The financial reform bill passed by the Senate on Thursday mandates the creation of a new federal entity charged with protecting consumers from predatory lenders.
But if Geithner has his way, the most prominent advocate for creating the agency may not be picked to lead it.
Warren, a professor at Harvard Law School whose 2007 journal article advocating the creation of such an agency inspired policymakers to enact it into law, has rocketed to prominence since the onset of the financial crisis as one of the leading reform advocates fighting on behalf of American taxpayers.
Warren has been an aggressive proponent for the bureau in public and behind the scenes, working regularly with President Barack Obama's top advisers and the Democratic leadership in Congress. Since 2008, she has overseen the Congressional Oversight Panel, a bailout watchdog created to keep tabs on how two administrations spent hundreds of billions of taxpayer dollars to bail out Wall Street while struggling to keep distressed homeowners out of foreclosure and small businesses from collapsing.

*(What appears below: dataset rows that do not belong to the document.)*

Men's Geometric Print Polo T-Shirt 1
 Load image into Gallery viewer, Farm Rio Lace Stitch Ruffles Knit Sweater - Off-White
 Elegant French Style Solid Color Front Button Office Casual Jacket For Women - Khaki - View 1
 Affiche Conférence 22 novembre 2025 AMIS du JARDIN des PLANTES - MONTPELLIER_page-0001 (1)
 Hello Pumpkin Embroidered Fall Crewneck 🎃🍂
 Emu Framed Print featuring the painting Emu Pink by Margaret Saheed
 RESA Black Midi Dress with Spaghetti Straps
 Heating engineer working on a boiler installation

Yet while her work on behalf of a federal unit designed solely to protect borrowers from abusive lenders has been embraced by the administration, Warren's role as a bailout watchdog led to strained relations with the agency her panel has taken to task with brutal reports every month since Obama took office: Geithner's Treasury Department.
It's no secret the watchdog and the Treasury Secretary have had a tenuous relationship. Geithner's critics have enjoyed watching Warren question him during his four appearances before her panel. Her tough, probing questions on the Wall Street bailout and his role in it -- often delivered with a smile -- are featured on YouTube. One video is headlined "Elizabeth Warren Makes Timmy Geithner Squirm."